La SF à bras le gore
Star de la télé dans un programme de remise en forme ; 50 ans ; une ex actrice oscarisée, trop vieille, se fait virer. Elle trouve à travers la substance le moyen de se dédoubler ; son double ambitieuse, fougueuse désire dévorer le monde. Tous les 7 jours, elles doivent permuter, car elles ne sont qu’une ; mais la jeune a tellement de choses à vivre qu’elle va finir par phagocyter la plus âgée… mais en consommant l’autre, on se consume soit même.

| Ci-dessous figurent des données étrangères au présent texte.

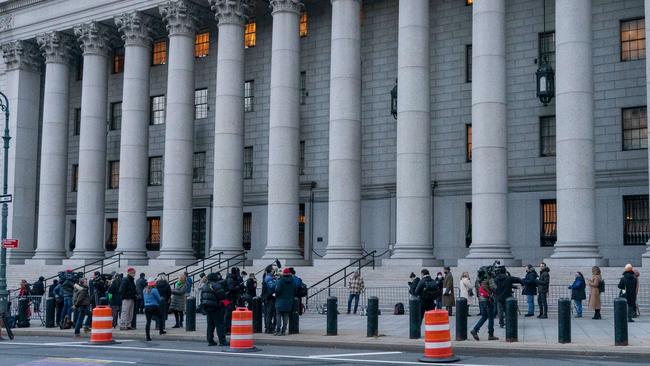 The Thurgood Marshall United States Courthouse where the trial of Ghislaine Maxwell is being held in New York City.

Coralie Fargeat, pour ce second long métrage primé à Cannes pour son scénario, revisite le « body horror movie ». Son film est dans la veine d’un cinéma actuel opulent et gargantuesque faisant naitre un malaise physique voire digestif devant autant de débauche. C’est un spectacle monstrueux, décapant et transgressif de bout en bout parfois surchargé nous mettant mal à l’aise jusqu’à un final de trente minutes en mode « no limit ». Ces ultimes minutes des 2h15 de film vous mettent dans le tambour d’une machine à laver, ce dernier virage nous électrise autant qu’un tour de grand huit sous stupéfiants.

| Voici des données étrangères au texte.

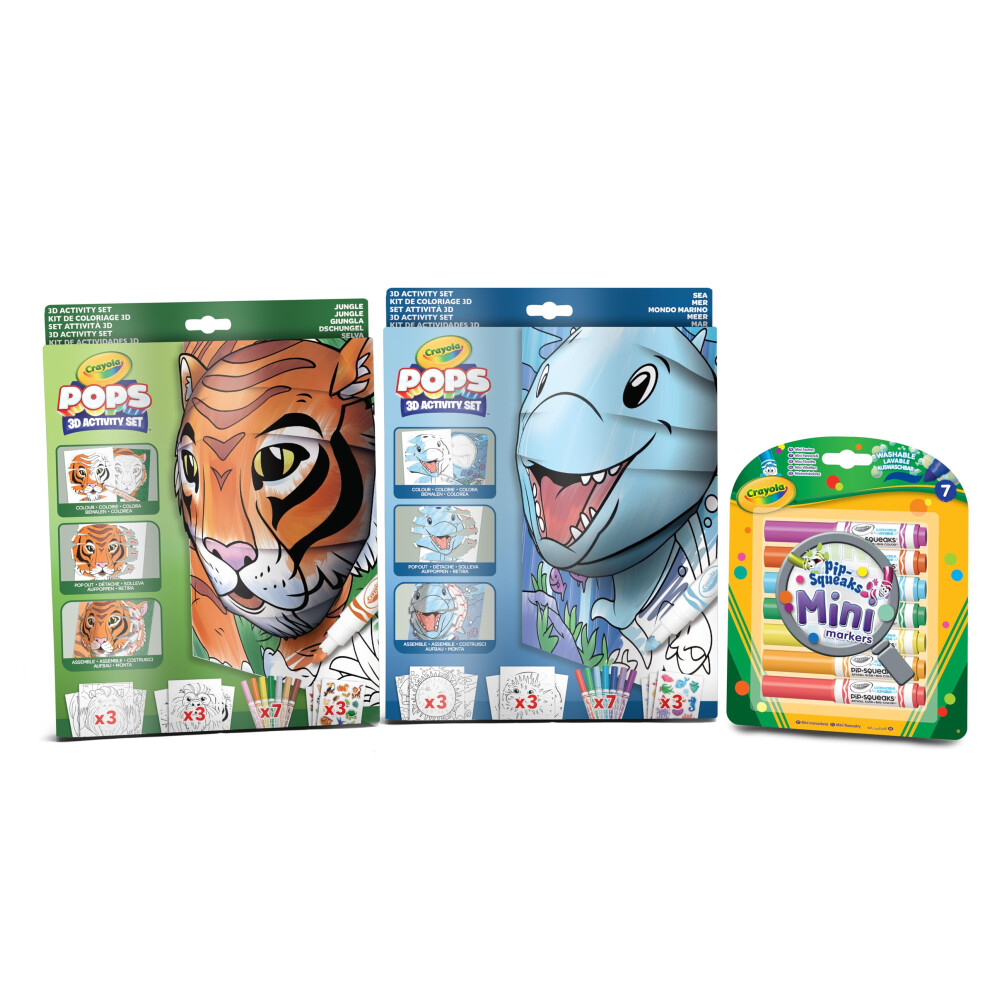 POPS 7604 3D Activity Set for Colouring and Creating 3D Drawings, Jungle, Sea World and 7 Markers - Creative Activity and Gift for Children, 6 Years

Ce film traite de l’assignation sociale imposée à la femme de rester jeune et sexuellement attractive ; assignation pour celle qui vieillit et qui doit laisser sa place ; assignation pour la jeune d’être désirable et source de fantasmes. Et cette fameuse dernière partie hyper gore qui pourra rebuter bon nombre de spectateur (comme moi !!! par son excès) ; elle montre derrière le monstre une femme qui se pomponne et qui s’accepte telle qu’elle est et décide de se montrer devant le public. Un acte courageux mais un refus du public et de la société de voir la monstruosité s’afficher. Et car ce film est d’une indéniable puissance plastique visible dès les premiers plans et tout au long du film ; Coralie Fargeat ira jusqu’à un dernier plan inoubliable d’audace et de dérision ; point final d’une expérience filmique hors norme ; même si parfois boursoufflée. Sympa de voir que pour traiter cette fable sur le vieillissement et l’injonction à la beauté, elle fait preuve en parallèle dans tous ses choix de mise en scène d’un travail esthétique minutieux de tous les plans.

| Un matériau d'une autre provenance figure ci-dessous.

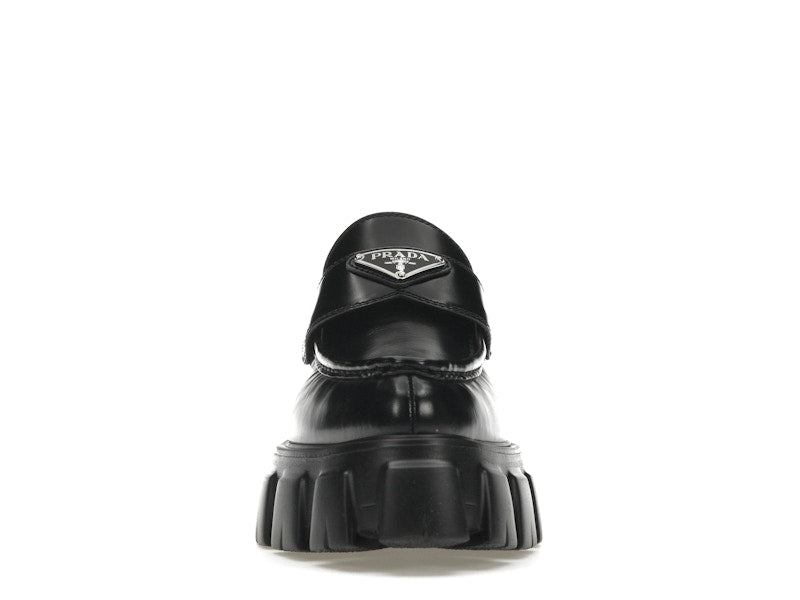 Prada Monolith 55mm Pointy Loafer Black Brushed Leather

Et pour assurer ce cauchemar sur le contrôle du corps des femmes ; il fallait un duo d’actrices acceptant de se montrer telles qu’elles sont physiquement. Et là dans le duo Margaret Qualley/Demi Moore ; je décerne une palme à la seconde ; sex-symbol des 90’s qui à 61 ans se montre avec un corps nu vieillissant sans filtre dans le Hollywood du culte de la jeunesse. Pour jouer la jeunesse consommée et consumée par les caméras du star system ; la prise de risque était moins importante et plus flatteuse, mais Margaret Qualley assure le show avec des gros plans intrusifs sur des parties sexy de son anatomie pour mieux en dénoncer ces pratiques.
Boursoufflé parfois comme tout un pan de la production actuelle mais tellement virtuose et dénonciateur. A voir mais attention de ne pas en sortir trop nauséeux.